強さの仮定

 妹は精神的な干渉を受けた。その結果として、ナイフを手に取った。妹がその干渉に、オレのものではない悪意に屈したのはオレの責任だ。オレが、妹を追い詰めていた。オレの言葉に、オレの悪意に、妹は疲れ切っていた。このオレこそが、オレだけがあの子を害するものであらなければならない。

「許せないんだ」

 寝台の上で、妹の胸元に額を寄せる。オレは今日の出来事に、すっかりまいってしまっていた。

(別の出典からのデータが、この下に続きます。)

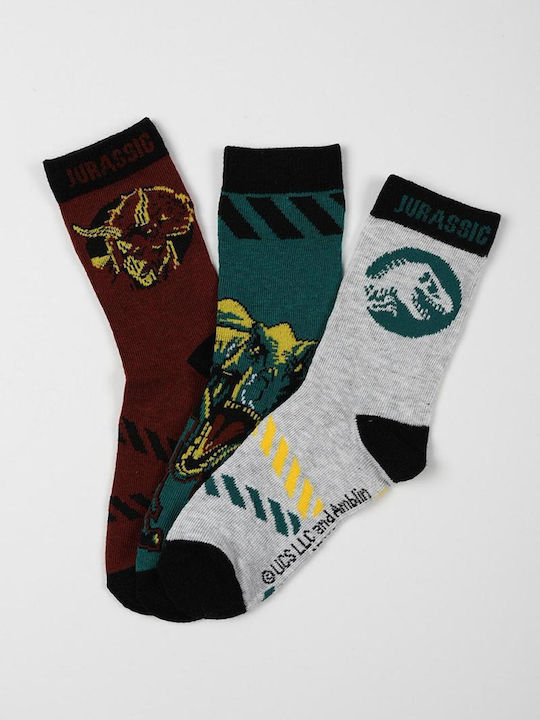 Superheroes Kids' Socks 3 Pair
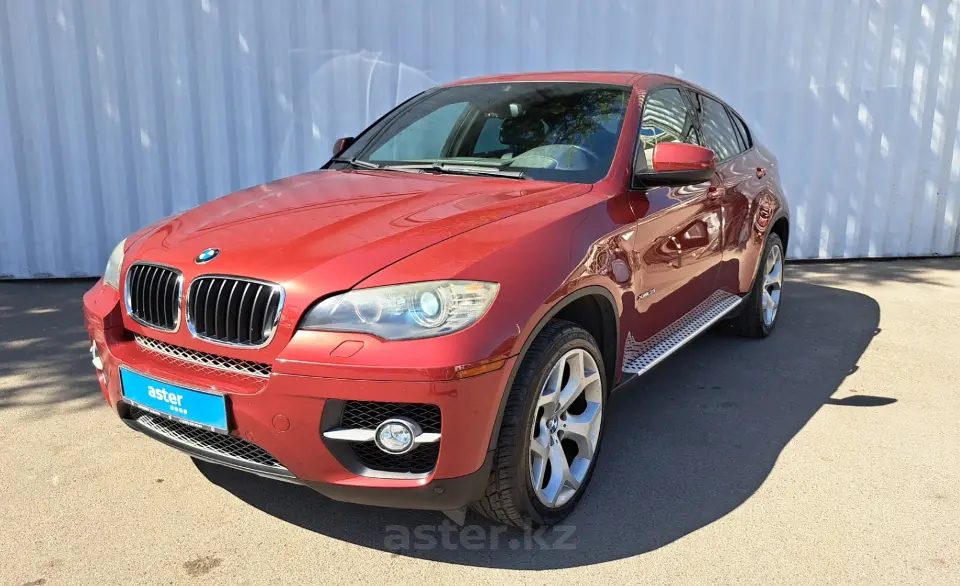 2008 BMW X6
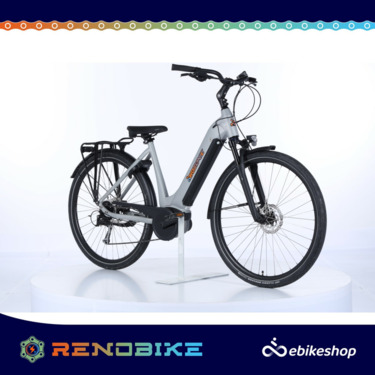 Rideonic Trekking 1.0 500Wh US50 cm '23 ezüst elektromos kerékpár - használt (vsz: FR01018550398980265)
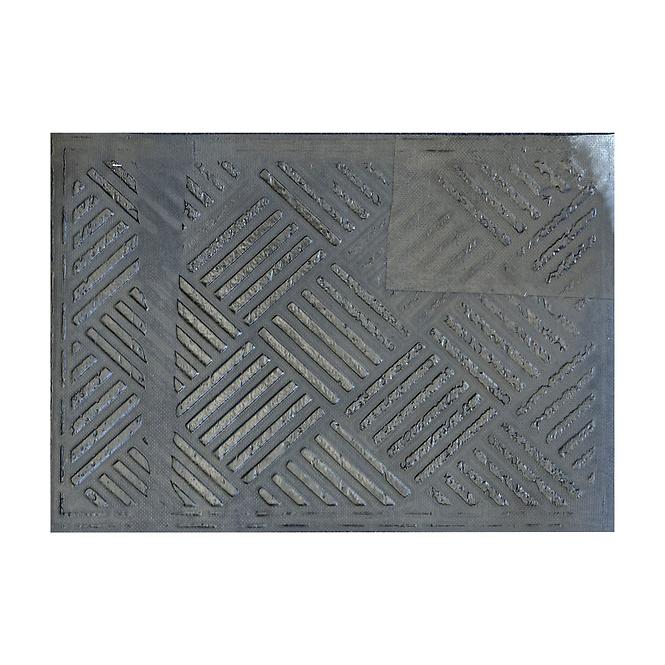 Rohož Geometric K-501-1 40x60 cm šedá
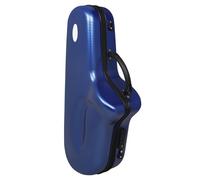 XuQiZZpp Caja de mano para saxofón con correa ajustable para el hombro, caja de almacenamiento para saxofón Altos, resistente al agua, resistente a la compresión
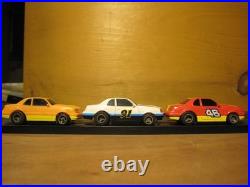 Life Like Tyco 6 Slot Cars Lot Track Tested All Run Good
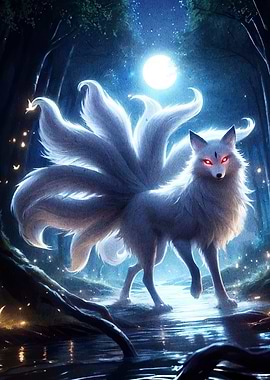 Nine-tailed Fox Moonlight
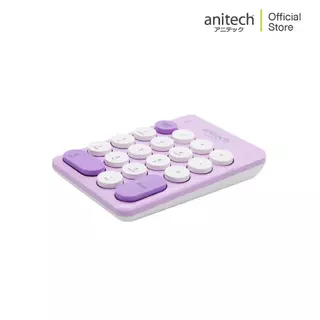 Anitech แอนิเทค อุปกรณ์เสริมคีย์บอร์ด รุ่น N186 สินค้าเคลียร์กล่องตำหนิเล็กน้อย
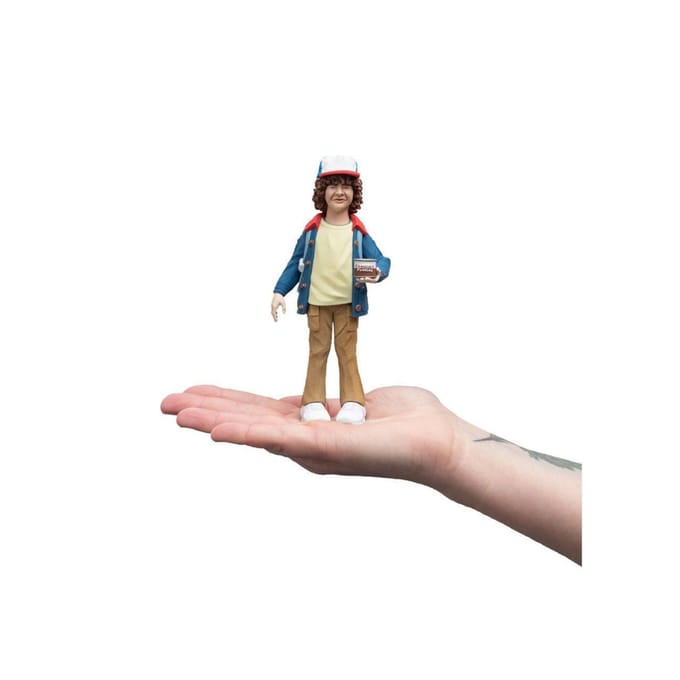 Weta Workshop Stranger Things - Mini Epics Vinyl Dustin Henderson (Season 1) 15 cm Beeld/figuur - Multicolours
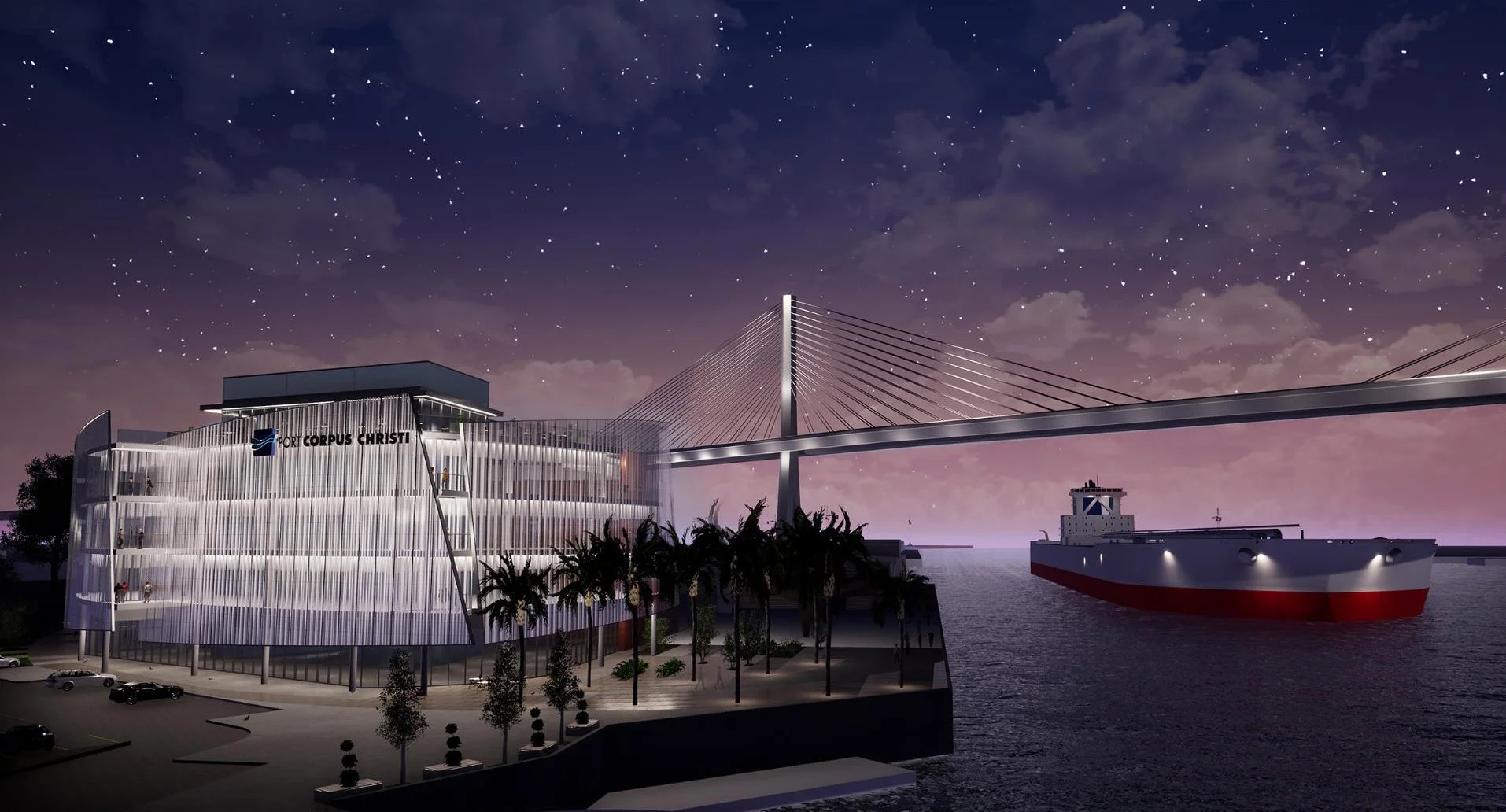 POCC - Exterior Render - Dusk Waterfront.jpg
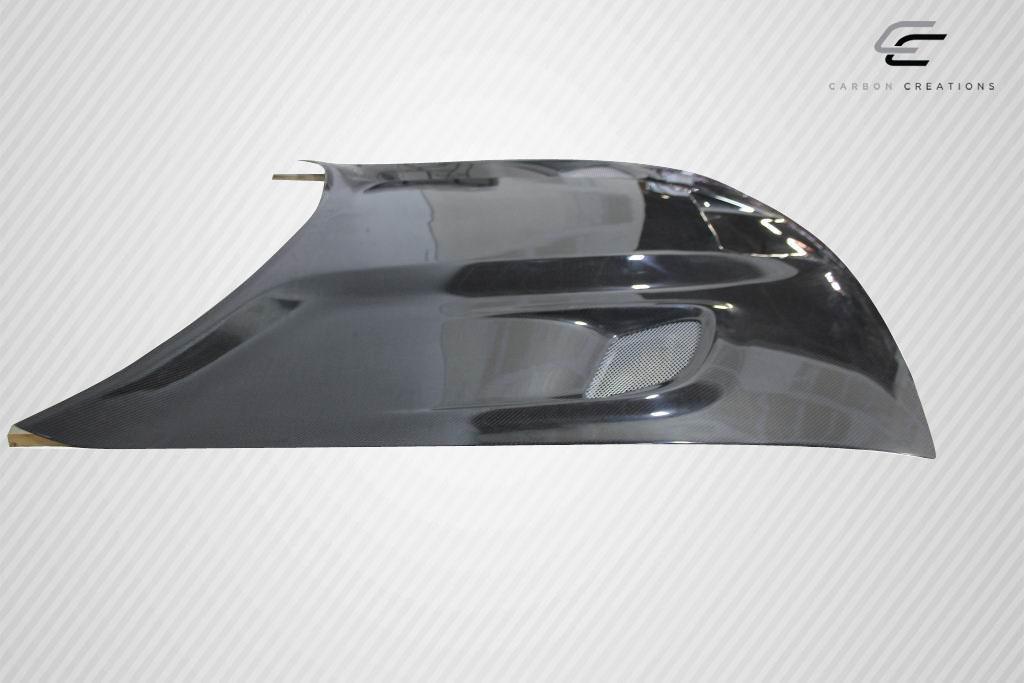 2008-2023 Dodge Challenger Carbon Creations Hellcat Carbon Fiber Hood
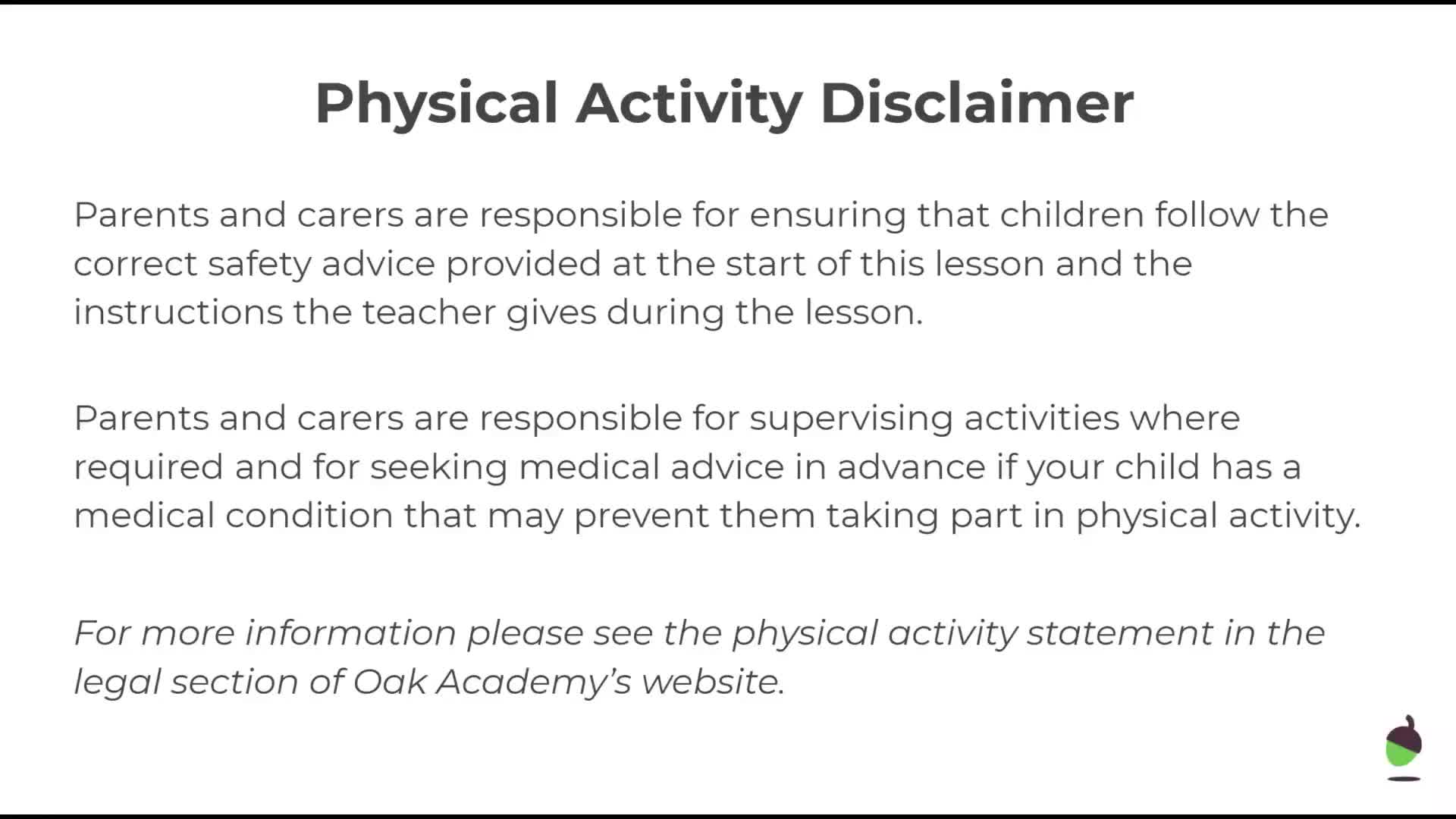 How do I improve my stability when moving?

もしかしたら、妹よりもずっと。

「おにいちゃんを殺そうとすることを?」
「お前が弱くあることが許せない」
「へんなの」

 わたしは初めっから、強かったことなんてないよ。妹はそう言いながら、オレの髪に触れる。オレは妹のことを考える。妹の顔、髪、その四肢、その視線に触れて、その美しさに困惑する。こんなに美しい妹が、弱いはずがないと、自分の直感が主張するのを黙って聞く。

「わたしは泣き虫だし、女の子だし、まだ子どもだし」

 オレのことで泣くのはいい。子どものうちに、子どもらしくあるのは当然の権利だ。だから、そうであるならば、妹は女の子であることをやめるべきだ。オレたちのために。

「無理だよ。それに、意味もわかんない」
「でも、嫌なんだ。お前が弱いなんて、オレは思ってもみなかった!」
「わたしが強かったとしたら、受け入れてたの?」

 わたしがおにいちゃんのせいで弱って、おにいちゃんの言葉と愛情に支配されて、全部がめちゃくちゃになって、そのまま死んでいくことを、喜んでいたの? 強いわたしを屈服させたかった? 弱いわたしは、わざわざ愛してみる価値もない?
 妹の言葉をオレは否定する。オレの返答を、妹は拒絶する。自己中心的で、無意味な慰めだ、無責任な慰めだと、オレを非難する。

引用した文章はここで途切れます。